Story by CBC Kids News • 2020-09-23 15:00

Species on track to go extinct by 2050

For a species that’s creeping toward extinction, every new baby counts.

That’s why staff at the Australian Reptile Park in Somersby, Australia, were so excited to announce that nine baby koalas — or joeys, as they’re called — were born at the zoo this summer.

The pressure was on to have a successful breeding season after thousands of koalas were thought to have died during massive bushfires in Australia in late 2019 and early 2020.

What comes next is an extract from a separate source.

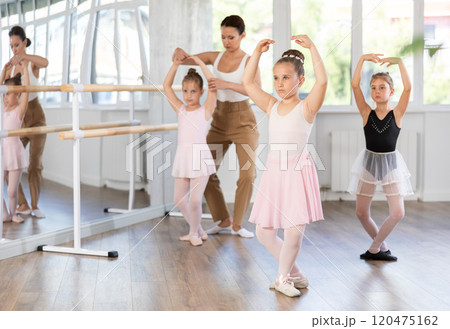 Little girls are learning various dance and ballet movements in studio 120475162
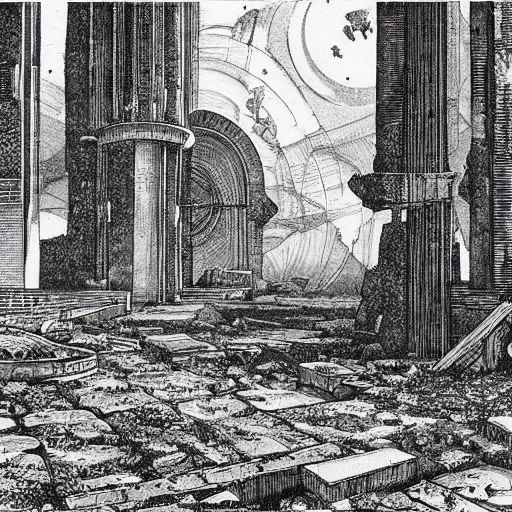 Prompt: abandoned ruins of interplanetary city etching by gustav dore lineart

Map shows Somersby, Australia, in relation to Canada

Species at risk

A New South Wales government report, which was published in June, said koalas are on track to become extinct in the wild before 2050.

Their biggest threat is the destruction of their forest habitat.

The recent bushfires hurt the koala population, but the clearing of land by humans to make room for buildings or farms is also a problem.

Zoo keeper holds fluffy toy with baby koala perched on top.

This young koala named Ember is being taken care of by Australian Reptile Park curator Hayley Shute because the mother koala had an infection in her pouch. (Image credit: The Australian Reptile Park)

Meet Ember

One of the koalas born at the zoo this summer was named Ember.

The name refers to the “spark of hope” his birth represents following the bushfires, said zoo officials in a news release.

There are now more than 40 koalas living at the Australian Reptile Park in Somersby, Australia. (Image credit: The Australian Reptile Park)

Ember had to be raised by a staff member because his mom had an infection in her pouch.

Baby koalas usually spend the first six months after birth in a pouch on their mother’s stomach.

Five fun koala facts  Koala bears aren’t bears, they’re marsupials! That means they carry their babies in a pouch. They can sleep more than 18 hours a day. Koalas only eat eucalyptus leaves, which are poisonous for most animals. They have very hard bums that allow them to wedge between two tree branches for long stretches. Koalas have bad eyesight, but excellent hearing and a strong sense of smell.